By : Nikon School Blog | 22 Dec, 2017 |
Pets are as much a part of our lives as our human family members. Whoever has ever had a pet will understand the importance of having their wonderful memories preserved as images of various moments of their lives. It is sad that most pets, like dogs, cats and birds have a much shorter life span than ours. After they're gone, we are left saddened and miss them forever. This is why we must try to take some memorable images of our pets while they are still doing what they do best – being cute and giving us their selfless love.
When to shoot?
The best time to shoot them is when they are in a good mood and feeling cheerful. However, a flip side to this is that while they're being very playful, especially dogs, it's quite difficult to get them to pose or be stable for a decent shot.
If you're having difficulty shooting your pets at play, choose a time when they're resting, like just after a meal, or immediately after they wake up.

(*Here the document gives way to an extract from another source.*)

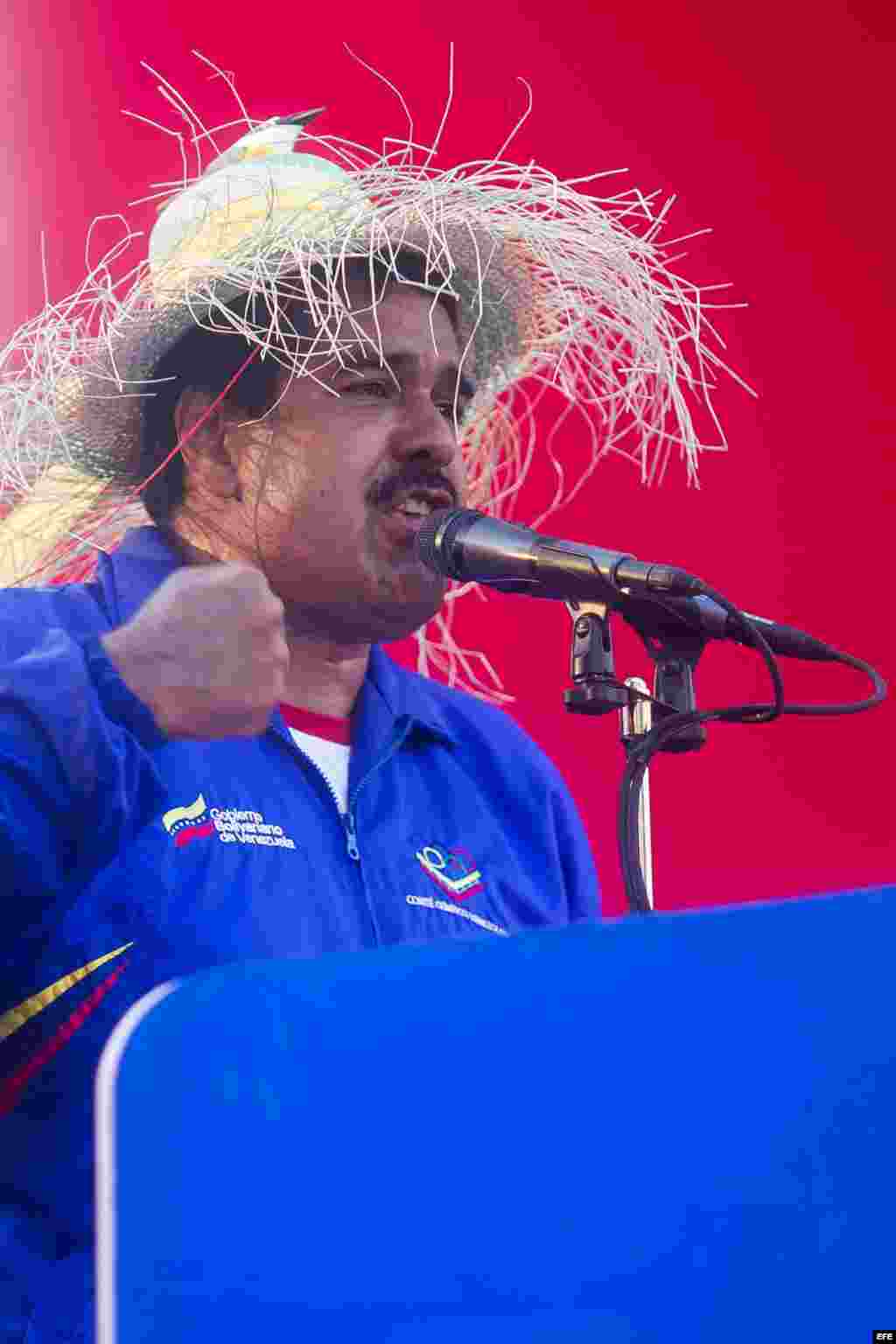 El presidente encargado de Venezuela y candidato a la presidencia del país, Nicolás Maduro (c), participa hoy, martes 9 de abril del 2013. en un acto de su campaña electoral en Catia La Mar (Venezuela). Maduro aspira a suceder a Hugo Chávez con las creden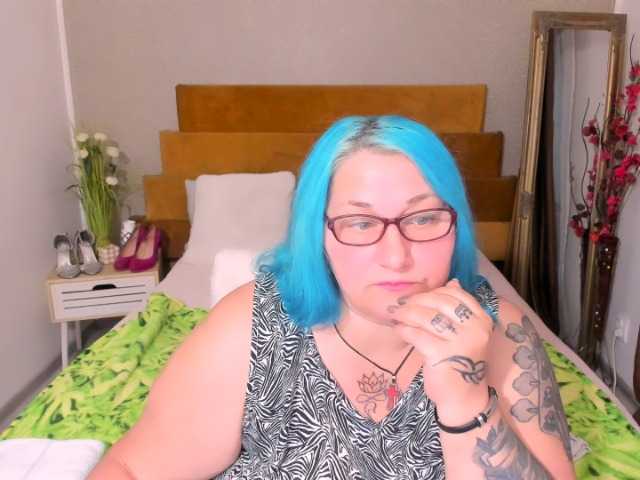 SweetBoobsM live cam on BongaCams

Even while sleeping, many pets make funny postures, make sure you capture these moments.
Make them comfortable
Pets will certainly not understand the importance of you trying to take their picture. So, don't make them uncomfortable by scolding them or forcing them to do things they do not want to. Often, such images look forced and may make you feel bad when you look at them years later.
Make them comfortable by saying nice things and petting them, or treat them with goodies they love, after each shot. They'll make the connection soon, and may even start posing for you!
Unless you're trying a studio shoot with full set up, stick to basics. Use daylight as much as possible. Even while shooting indoors, use window or balcony light to keep the images natural. If you can use flash, use it by bouncing off the ceiling or walls.
Focus on eyes
Just like human portraits, pet portraits should always have sharp focus on their eyes. Try using single point focus on the pet's eyes for when they are static for some time. For moving pets, use dynamic point and take multiple shots.
Pets will often give you a variety of expressions that can be cute, funny, and even emotional. To ensure you do not miss out on any of these, shoot multiple images by using the continuous drive mode.
To get interesting perspective, try going down at the level of the pet. Avoid shooting from your level and looking down all the time.
Use open apertures like f/2.8 to 5/5.6 for shallow depth of field. If you're shooting more than one pet, then increase depth of field by choosing a smaller aperture, like f/8 or f/11. Use Aperture priority (A) Mode for best results.
Use single point AF and AF-S for pets at rest. Switch to AF-C and Dynamic or 3D tracking mode for moving pets.
For fast moving pets, select a shutter speed between 1/500 and 1/1000 in Shutter priority (S) mode. Use ISO 200 - 400 in bright conditions, and 800 - 1600 in overcast and low light conditions.